This is very attractive for us because this is a market where almost no competitors are buying these small companies. You have good returns. With our synergies, we can increase this ROI always in the first two years. Yeah. I also show you always the comparison between houses. Of course, we do not buy houses, but I like houses. On the right side, you see factors between 13-25 currently when you buy houses in Frankfurt, Cologne. Software companies are right now valuated with 8-14 as a factor. We buy between 3 and 5. I think this is quite an attractive investment case. This is why we do this right now. If the times are changing, we will stop buying. Yeah. We make two cases. Maybe Laura, you come up to start with that.

The first case is Winkelstraat. Winkelstraat, none of you have heard this company because they are operating in the Netherlands. And they are primarily focusing on women, but also on men. Men and women, yeah.

Laura Vogelsang
Member of the Management Board, The Platform Group AG

Now, that's obviously something where we can value from or benefit from with Fashionette because Winkelstraat still is very focused on male. Fashionette, on the other hand, really focused on female. And now with a combination of both, we can target groups in both companies and in special markets because, as Dominik said, nobody will know it here because it's really focused on the Benelux. And we are still focused on the, or we as Fashionette are still focused on the German-speaking countries. Also there is a big potential and a synergy to reach a higher and wider customer base, yeah, to sell really high-valued and cost products.

So that's an introduction. And we took over or we acquired mid-last year. And we can say that from a lot of synergies, we are really close in contact with Joost van der Veer, who are still there and bearing partners in case of the marketing activities, the tech stack. We are already combined and merged the HR departments in the Netherlands with our other company in the Netherlands, which is called Brandfield, which is also not very known here in the market, which are very focused on jewelry and watches. But there we have a finance team, there we have an HR team, and we already merged those departments within the Netherlands because this is a bit more complicated to merge this with a German-speaking or German countries at them or German companies at them.

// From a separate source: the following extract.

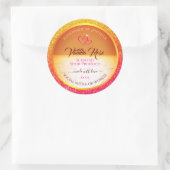 Moderne Oranje gele oceaan product labels glitter (Tas)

But yeah, this was the immediate thing we did also together with the marketing and the tech synergies we had. So here you can see it's a very different look and feel as we have on Fashionette because it's due to the fact that Winkelstraat is really much working with new designers, new upcoming brands, a bit more fashionable and probably a bit more edgy than we have at the moment at Fashionette. But nevertheless, they are also working with brands like Brunello Cucinelli, which are really high-priced brands, which then on the other hand side perfectly fits to Fashionette.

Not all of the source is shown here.